Stored data entries:
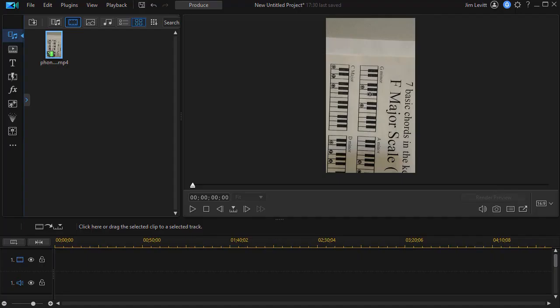In this tutorial in CyberLink PowerDirector, I'd like to show you how to take 9 by 16 ratio raw video footage and use it in a 16 by 9 project, rotating it 90 degrees as you do that.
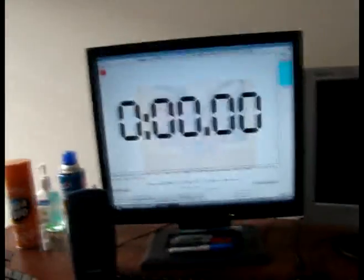This is a video showing you how to connect your stackmat to your computer.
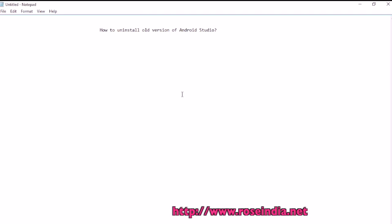How to uninstall old version of Android Studio. If you have an old version of Android Studio installed on your computer, you should uninstall it first before installing the new version of Android Studio.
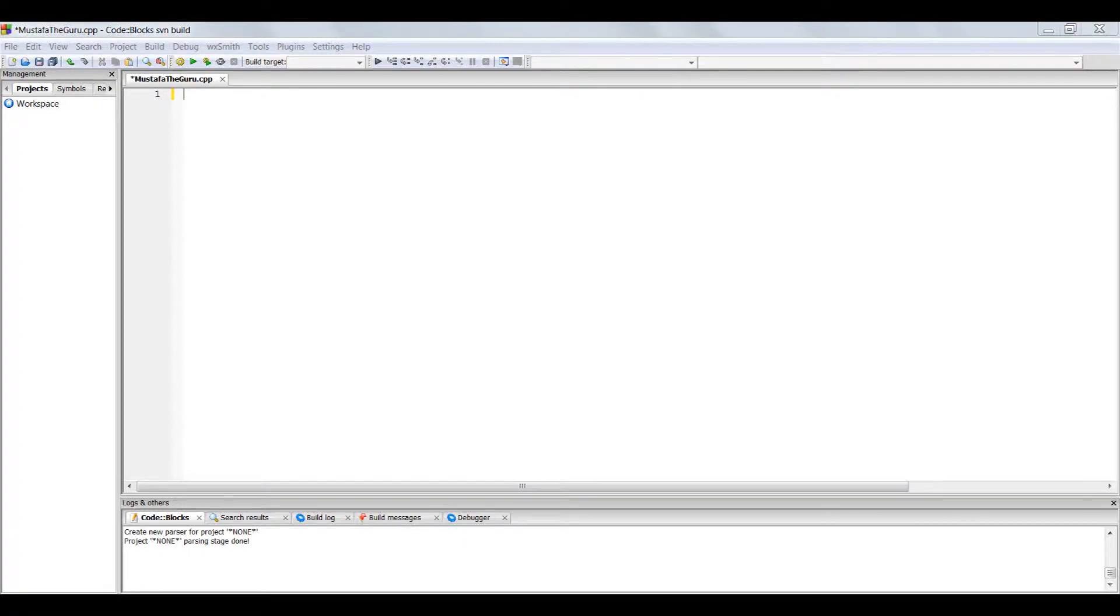We have now gotten the basic introductions out of the way, and it's time to create our first program. Every programmer starts out with this first set of code, the Hello World text.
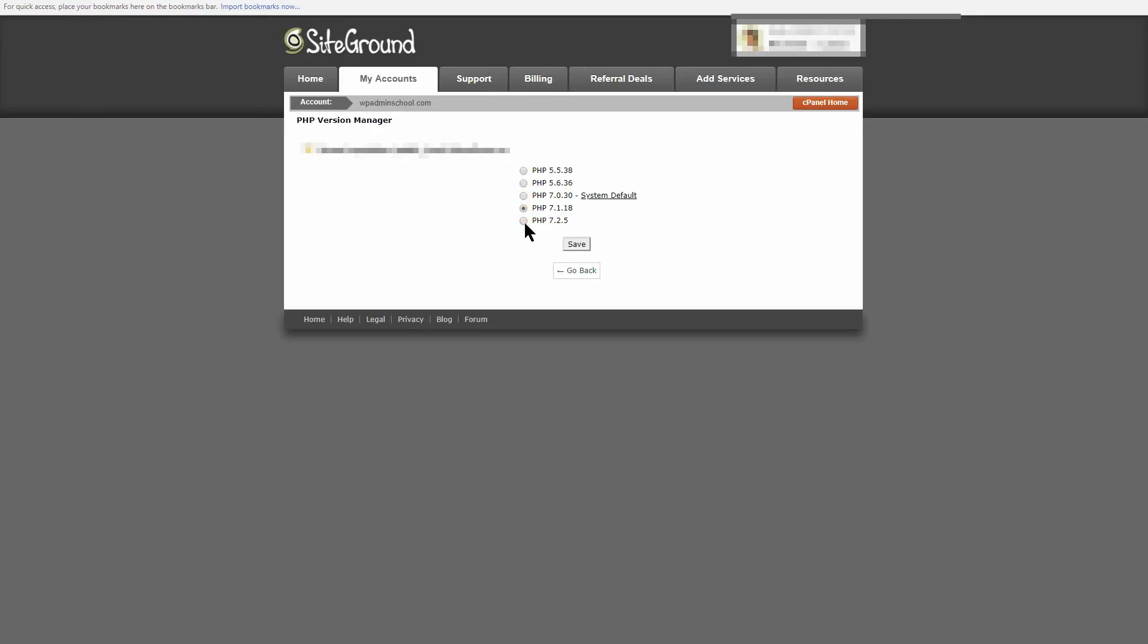PHP 7 has been around for a while now, yet adoption rates are nowhere near where they should be. This new version offers a marked increase in performance and most reputable web hosts will give you the option to upgrade WordPress to PHP 7. If yours doesn't, then it's probably time to choose a new WordPress host.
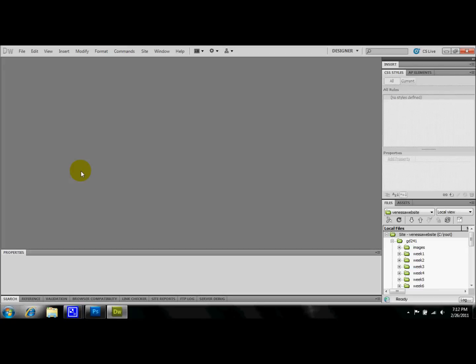Okay, so my name is Vanessa and I'm going to be showing you a very brief tutorial on how to go about making a sprite menu bar.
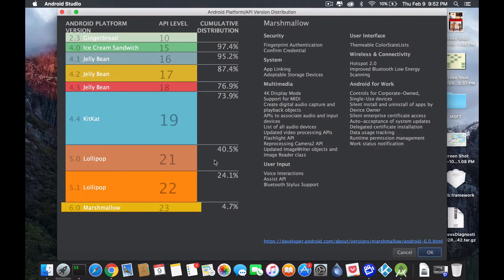The third important thing is the panel on the right. This whole category explains every version that comes out and what new features were added. So if we press 6.0, we get the security part, the system additions. Multimedia: they're adding 4K display mode, support for MIDI, et cetera. User input: we get voice interaction, SS API, Bluetooth stylus, et cetera.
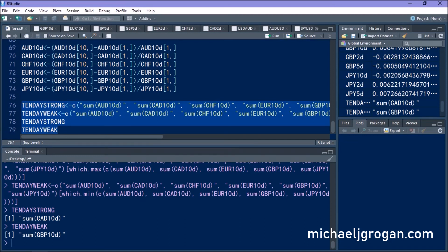So we've seen how we can import currency data into R using Quantmod, and once the currency data has been imported you're free to conduct a range of analyses. In this case we've done a simple strong/weak analysis to determine which currencies have been the strongest versus the weakest over a two-day, five-day, and ten-day period.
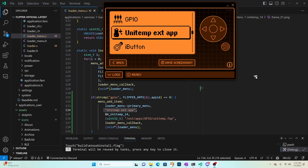Hey everyone! In my previous video we looked at how to create custom icons for the Flipper Zero main menu. In this video I'll show you a couple ways you can add new items to the main menu. The approach varies by firmware, so I'll start with official firmware and then we can look at other firmware.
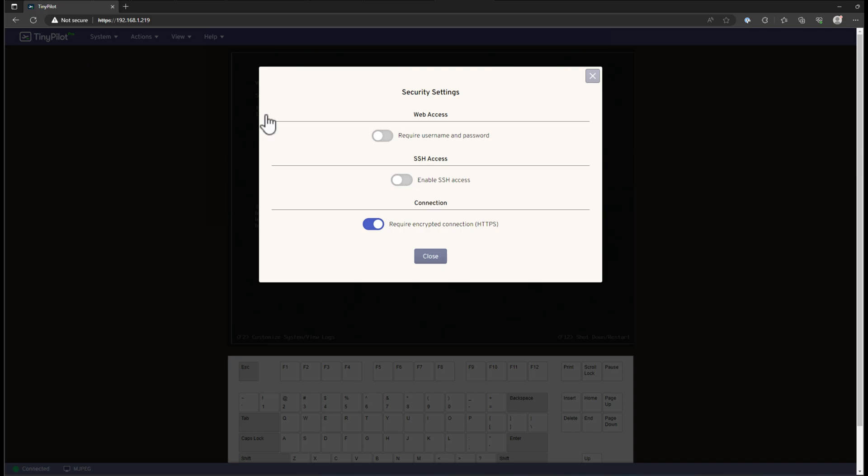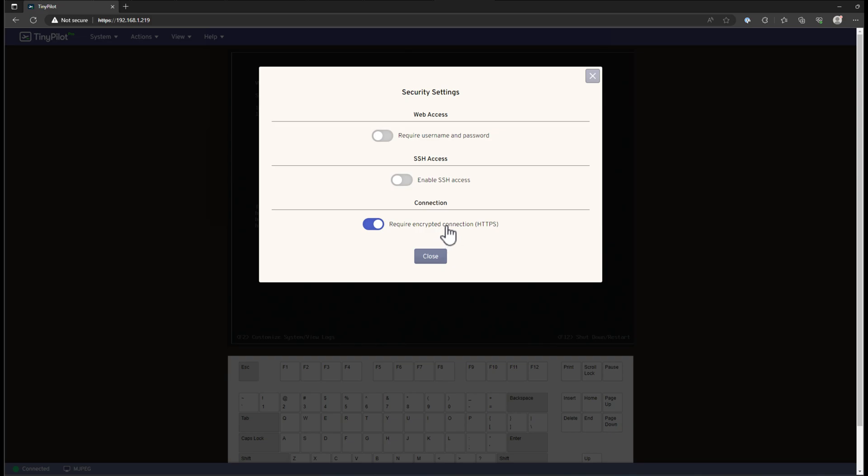Security, just popping up here real quick, under the security settings, you've got web access, we can flag on that we want to require username and password, which certainly you would want to do. You can enable SSH access, you can also ensure that your connection requires HTTPS.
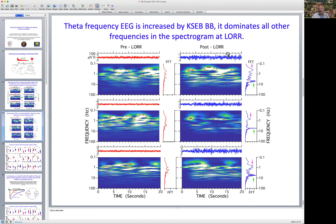KSEB, on the other hand, produced a selective increase in theta frequency activity across animals, and this occurred alongside an increase in delta frequency activity as well — you can see the purple arrows here.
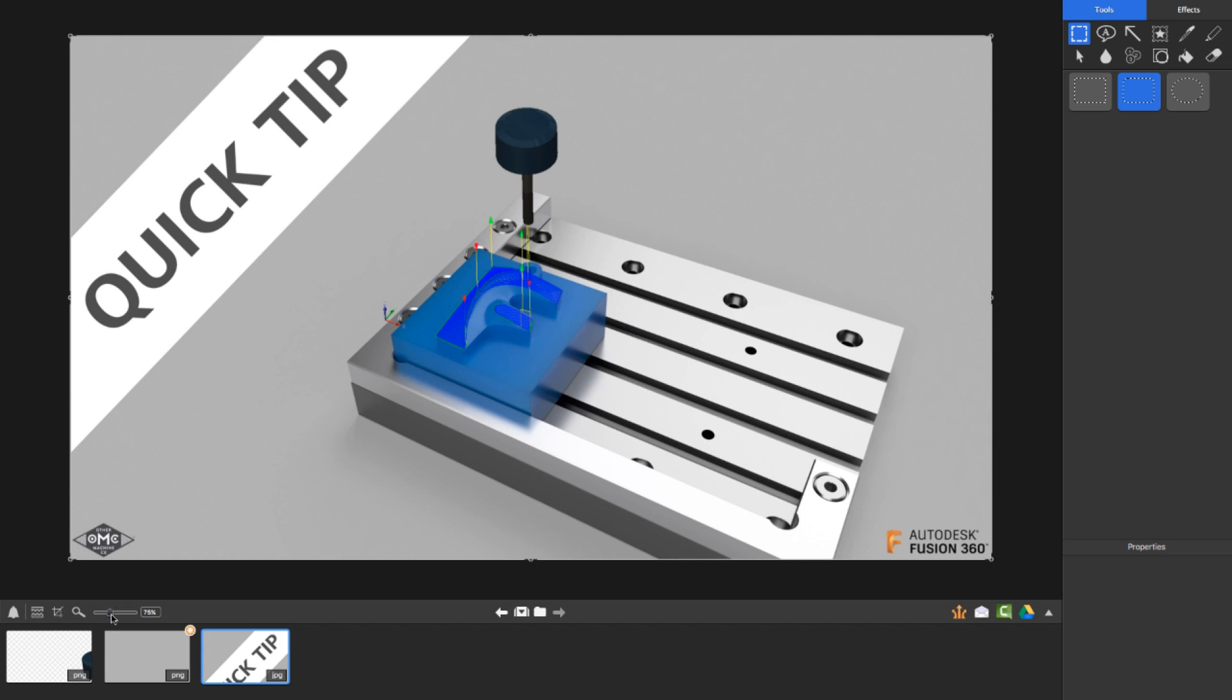So there you have it. Hopefully this helped you guys out in showcasing how you can actually take your toolpaths from CAM, export them out, and blend them together with a rendered image.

### [Task prompt]
Only the text of the records is to be reproduced exactly; skip the pictures.

### [Problem solution]
In this tutorial in CyberLink PowerDirector, I'd like to show you how to take 9 by 16 ratio raw video footage and use it in a 16 by 9 project, rotating it 90 degrees as you do that.
This is a video showing you how to connect your stackmat to your computer.
How to uninstall old version of Android Studio. If you have an old version of Android Studio installed on your computer, you should uninstall it first before installing the new version of Android Studio.
We have now gotten the basic introductions out of the way, and it's time to create our first program. Every programmer starts out with this first set of code, the Hello World text.
PHP 7 has been around for a while now, yet adoption rates are nowhere near where they should be. This new version offers a marked increase in performance and most reputable web hosts will give you the option to upgrade WordPress to PHP 7. If yours doesn't, then it's probably time to choose a new WordPress host.
Okay, so my name is Vanessa and I'm going to be showing you a very brief tutorial on how to go about making a sprite menu bar.
The third important thing is the panel on the right. This whole category explains every version that comes out and what new features were added. So if we press 6.0, we get the security part, the system additions. Multimedia: they're adding 4K display mode, support for MIDI, et cetera. User input: we get voice interaction, SS API, Bluetooth stylus, et cetera.
So we've seen how we can import currency data into R using Quantmod, and once the currency data has been imported you're free to conduct a range of analyses. In this case we've done a simple strong/weak analysis to determine which currencies have been the strongest versus the weakest over a two-day, five-day, and ten-day period.
Hey everyone! In my previous video we looked at how to create custom icons for the Flipper Zero main menu. In this video I'll show you a couple ways you can add new items to the main menu. The approach varies by firmware, so I'll start with official firmware and then we can look at other firmware.
Security, just popping up here real quick, under the security settings, you've got web access, we can flag on that we want to require username and password, which certainly you would want to do. You can enable SSH access, you can also ensure that your connection requires HTTPS.
KSEB, on the other hand, produced a selective increase in theta frequency activity across animals, and this occurred alongside an increase in delta frequency activity as well — you can see the purple arrows here.
So there you have it. Hopefully this helped you guys out in showcasing how you can actually take your toolpaths from CAM, export them out, and blend them together with a rendered image.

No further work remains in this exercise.